Сэр Эндрю менялся в лице. Но пятьдесят тысяч фунтов в год прибавили ему решимости. Мальчишка медленно поднял руку.
Но тут заговорил Гэвин:
– Эндрю, хороший мальчик. Делай то, что говорит леди. Если кого-либо и повесят за убийство, то это будет не она.
Эндрю закусил губу и позволил своей замахнувшейся было руке упасть. Он колебался еще одно мгновение, но слова были выбраны слишком хорошо, чтобы от них отмахнуться.
– Я не буду нападать на беззащитного человека, – упрямо сказал он. – Я дам ему шанс – как мужчина мужчине.
Гэвин шагнул, его дрожащие руки и ноги говорили всем нам о том, что мы уже знали, что он слишком измучен, чтобы парировать самую обыкновенную атаку. Он отмерил примерно десять футов между собой и Эндрю, прежде чем мальчишка слез с лошади. Эндрю последовал за ним, двигаясь с какой-то задумчивой медлительностью. Я не могла видеть его лица, но могу поклясться, что он улыбался. Его рыцарская честь была лишена глубины, это была всего лишь маска.

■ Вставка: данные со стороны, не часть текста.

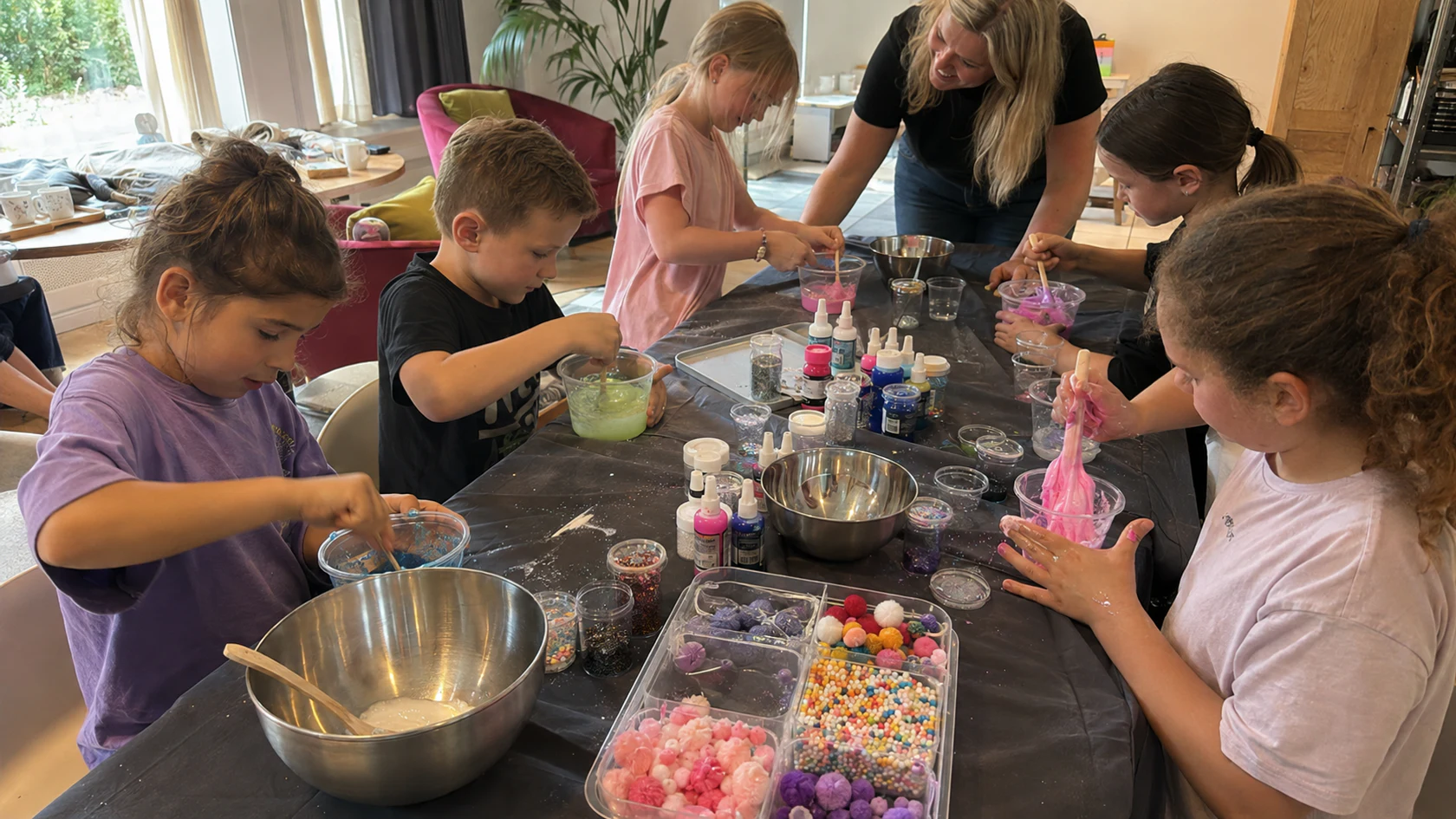 Kinderen maken samen slijm aan een volle werktafel terwijl een begeleider helpt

Гэвин все еще пятился назад и двигался точно к краю пруда, где в него врывался ручей, и берега были влажны от брызжущей ледяными брызгами воды. Ужасная мысль мелькнула у меня в голове. Он должен знать, куда заведут его собственные шаги. Он – хороший пловец. Если у него не будет такой ноши, как я, он сможет достичь другого берега. Та же мысль, видимо, пришла в голову Эндрю, а у него не было представлений о порядочности, по которым он мог бы судить о других. Кроме того, я думаю, что он не знал о течении. Он бросился вперед, его руки вытянулись, чтобы схватить своего противника прежде, чем он сумеет от него ускользнуть.
И тогда это случилось. Так уже случалось когда-то раньше. Я должна была помнить дуэль – медленное отступление, намеренное снижение бдительности, как бы приглашающее соперника в свою очередь открыться. Может быть, Эндрю тоже вспомнил это – в ту, последнюю секунду. Но было слишком поздно. Он потерял равновесие в своем диком рывке, и Гэвин, упавший в другую сторону, поднял ногу и толкнул тело мальчишки через край пруда.
Падая, тот закричал. Звук закончился всплеском и треском ломающегося льда. А дальше не было слышно ничего – только яростное рычание ручья, падающего со скал водопадом.
В следующую секунду Мэри была там. Она стояла у края пруда, глядя в его темные воды. Первый луч солнца упал на ее волосы, и они вспыхнули. Этот луч на ее волосах словно золотой нимб вокруг изможденного ведьминого лица... еще миг – и она исчезла, исчезла без единого звука. Течение подхватило ее вместе с потоком потревоженной воды и унесло.
На четвереньках я подползла к тому месту, где на краю берега стоял Гэвин. Я заставила себя посмотреть через край, как смотрел он. Но внизу ничего не было – ничего, кроме темной воды, и изломанного льда, и рева водопада вокруг затопленных скал.
Лошади стояли там, где мы их оставили. Гэвин подсадил меня на спину Шалуньи, и она повернула голову с легким ржанием радости. Он взобрался на гнедого Эндрю. Мы повернулись спиной к берегу и поехали на юг – в долину, где был наш дом. Солнце осветило восточный хребет, и снега засияли в его ясном свете.